On Sun, May 28, 2006 at 09:12:34PM -0400, Tom Lane wrote:
> But we're still avoiding the central issue: does it make sense to dump a
> probin clause at all for plpython functions? If it's a compiled form of
> prosrc then it probably doesn't belong in the dump.
That's why I initially thought pg_dump or I was the dirty one.
Even if CREATE FUNCTION would take it, the probin value would be ignored(well,
> On reflection I'm kind of inclined to think that plpython is abusing the
> column. If it were really expensive to derive bytecode from source text
> then maybe it'd make sense to do what you're doing, but surely that's
> not all that expensive. Everyone else manages to parse prosrc on the
> fly and cache the result in memory; why isn't plpython doing that?
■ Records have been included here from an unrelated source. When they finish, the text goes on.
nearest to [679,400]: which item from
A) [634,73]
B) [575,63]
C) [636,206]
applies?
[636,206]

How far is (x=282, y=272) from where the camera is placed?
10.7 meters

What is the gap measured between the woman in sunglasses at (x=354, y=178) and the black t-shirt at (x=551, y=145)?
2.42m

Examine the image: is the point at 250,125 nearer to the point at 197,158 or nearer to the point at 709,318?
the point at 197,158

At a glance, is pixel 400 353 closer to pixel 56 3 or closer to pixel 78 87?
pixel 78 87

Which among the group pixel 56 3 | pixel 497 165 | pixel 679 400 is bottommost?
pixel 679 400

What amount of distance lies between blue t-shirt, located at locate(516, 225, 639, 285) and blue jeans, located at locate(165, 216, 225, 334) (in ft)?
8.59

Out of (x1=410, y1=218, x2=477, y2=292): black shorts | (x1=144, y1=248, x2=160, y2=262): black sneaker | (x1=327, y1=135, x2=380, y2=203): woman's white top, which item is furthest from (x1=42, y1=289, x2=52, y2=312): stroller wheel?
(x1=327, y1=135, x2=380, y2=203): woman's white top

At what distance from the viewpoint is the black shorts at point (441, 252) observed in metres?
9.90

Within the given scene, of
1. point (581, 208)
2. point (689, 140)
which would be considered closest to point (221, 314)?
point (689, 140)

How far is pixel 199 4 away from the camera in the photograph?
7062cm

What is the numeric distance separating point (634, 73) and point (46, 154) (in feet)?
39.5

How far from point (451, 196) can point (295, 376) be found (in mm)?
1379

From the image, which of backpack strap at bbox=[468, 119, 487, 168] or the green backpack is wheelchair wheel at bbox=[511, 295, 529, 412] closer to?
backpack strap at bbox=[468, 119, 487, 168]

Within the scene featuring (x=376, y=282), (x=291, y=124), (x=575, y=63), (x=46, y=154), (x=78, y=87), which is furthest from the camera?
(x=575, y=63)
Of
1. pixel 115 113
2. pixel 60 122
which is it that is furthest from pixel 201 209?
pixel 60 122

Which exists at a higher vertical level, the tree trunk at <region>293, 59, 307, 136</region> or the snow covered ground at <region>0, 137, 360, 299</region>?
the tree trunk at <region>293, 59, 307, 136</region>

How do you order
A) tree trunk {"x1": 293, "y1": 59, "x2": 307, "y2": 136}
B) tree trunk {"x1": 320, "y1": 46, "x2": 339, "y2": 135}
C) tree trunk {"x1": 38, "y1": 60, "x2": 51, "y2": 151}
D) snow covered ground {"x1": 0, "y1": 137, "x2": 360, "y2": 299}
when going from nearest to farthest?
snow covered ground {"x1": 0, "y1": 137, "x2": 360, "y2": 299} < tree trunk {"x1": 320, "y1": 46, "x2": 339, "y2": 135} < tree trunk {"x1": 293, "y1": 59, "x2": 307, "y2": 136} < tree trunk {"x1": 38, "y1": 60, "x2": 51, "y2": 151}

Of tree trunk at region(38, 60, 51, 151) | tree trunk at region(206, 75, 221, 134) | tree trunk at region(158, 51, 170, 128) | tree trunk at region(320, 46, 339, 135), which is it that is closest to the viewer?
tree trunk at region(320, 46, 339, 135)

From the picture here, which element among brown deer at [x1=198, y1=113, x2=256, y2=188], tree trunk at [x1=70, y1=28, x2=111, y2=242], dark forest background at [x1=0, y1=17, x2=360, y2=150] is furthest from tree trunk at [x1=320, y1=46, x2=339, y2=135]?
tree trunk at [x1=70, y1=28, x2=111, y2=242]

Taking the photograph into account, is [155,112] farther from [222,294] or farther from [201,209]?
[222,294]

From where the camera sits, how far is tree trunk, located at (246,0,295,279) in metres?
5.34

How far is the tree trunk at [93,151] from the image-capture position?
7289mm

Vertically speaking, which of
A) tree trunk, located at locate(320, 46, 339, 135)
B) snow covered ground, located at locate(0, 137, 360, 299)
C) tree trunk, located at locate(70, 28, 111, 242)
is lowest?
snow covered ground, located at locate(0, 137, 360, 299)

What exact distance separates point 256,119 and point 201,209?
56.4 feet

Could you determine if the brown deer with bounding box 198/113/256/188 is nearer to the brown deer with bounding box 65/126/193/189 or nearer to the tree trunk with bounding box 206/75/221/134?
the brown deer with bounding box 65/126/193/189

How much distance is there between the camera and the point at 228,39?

Yeah, I don't think it's expensive. It wasn't a feature that I implemented
out of any kind of demand or testing. Rather, I knew I could marshal code
objects, and I figured it would likely yield some improvement on initial loads,
so I implemented it.
> If we think that plpython is leading the wave of the future, I'd be kind
> of inclined to invent a new pg_proc column in which derived text can be
> stored, rather than trying to use probin for the purpose. Although
> arguably probin itself was once meant to do that, there's too much
> baggage now.
I think having something like that in pg_proc could be useful. Certainly my case
may not really be demanding, but I guess there may be some languages that could
enjoy a good benefit from avoiding recompilation. Tho, such a column seems like
it would be more of a mere convenience for PL authors. If initial load were
truly that expensive, I would think that it would justify creating a table
containing compiled code and taking the extra lookup hit on initial load.